Chunk Dispatch and Polling Pattern¶

Purpose¶

Process large datasets by splitting them into chunks dispatched as separate SNS/SQS messages, then poll for completion using an adaptive state machine. This prevents Lambda timeouts on large batches and enables parallel processing.

Chunk Dispatch Pattern¶

When a dataset exceeds a threshold, split into chunks and dispatch via SQS:¶

# shell/attachment_model_ops.py

ATTACHMENT_CHUNK_SIZE = Config.ATTACHMENT_CHUNK_SIZE  # Default: 100

def launch_attachment_chunker(session, import_attributes, exhibit_ids, total_pages):
    """Dispatch page creation in chunks to avoid Lambda timeout."""
    npcase_id = import_attributes["npcase_id"]
    batch_id = import_attributes["batch_id"]
    job_id = import_attributes["job_id"]

    for i in range(0, total_pages, ATTACHMENT_CHUNK_SIZE):
        start_pos = i
        end_pos = min(i + ATTACHMENT_CHUNK_SIZE, total_pages)

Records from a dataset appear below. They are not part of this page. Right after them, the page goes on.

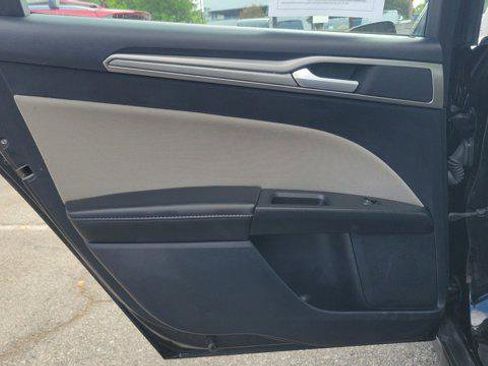 Used 2020 Ford Fusion S image 12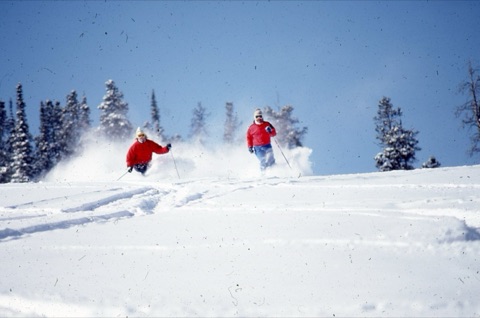 1989 Kara Phillips and Jim Gold in powder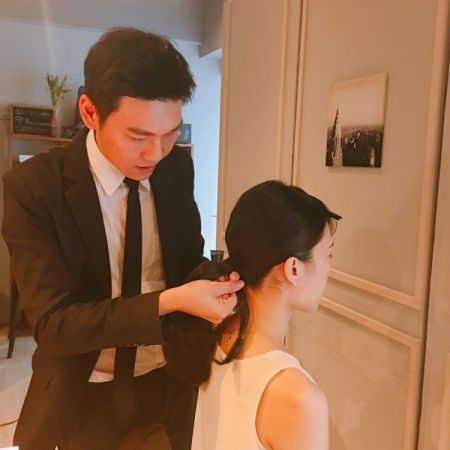Step 1→ 將秀髮吹乾並拉直,把上低馬尾,記得留一撮髮絲把橡皮筋地方蓋住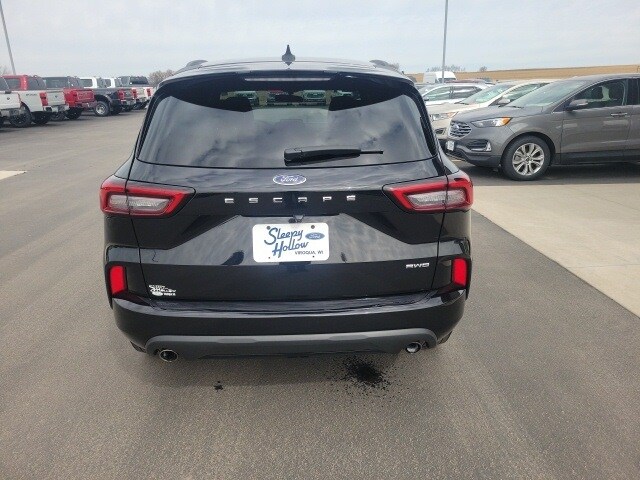 2024 Ford Escape ST-Line photo 3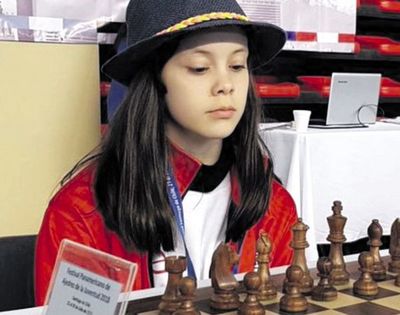 Helen Montiel, cuarta entre varias maestras - Polideportivo - ABC Color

        send_to_batch_sqs_queue(
            npcase_id=npcase_id,
            batch_id=batch_id,
            job_id=job_id,
            event_type=EventType.BATCH_ATTACHMENTS,
            message_delay=5,
            event_detail={"startPos": start_pos, "endPos": end_pos},
            document_id=import_attributes["document_id"],
            exhibit_ids=str(exhibit_ids),
        )

For document relations, chunk with a MAX_CHUNKS safety limit:¶

# shell/batch_document_relation_ops.py

BATCH_CHUNK_SIZE = 100
MAX_CHUNKS = 1000  # Safety limit to prevent infinite dispatch

def dispatch_relation_chunks(session, npcase_id, batch_id, job_id, total_relations):
    """Split relation processing into chunks dispatched via SQS."""
    chunk_count = 0

    for start_id in range(0, total_relations, BATCH_CHUNK_SIZE):
        end_id = min(start_id + BATCH_CHUNK_SIZE, total_relations)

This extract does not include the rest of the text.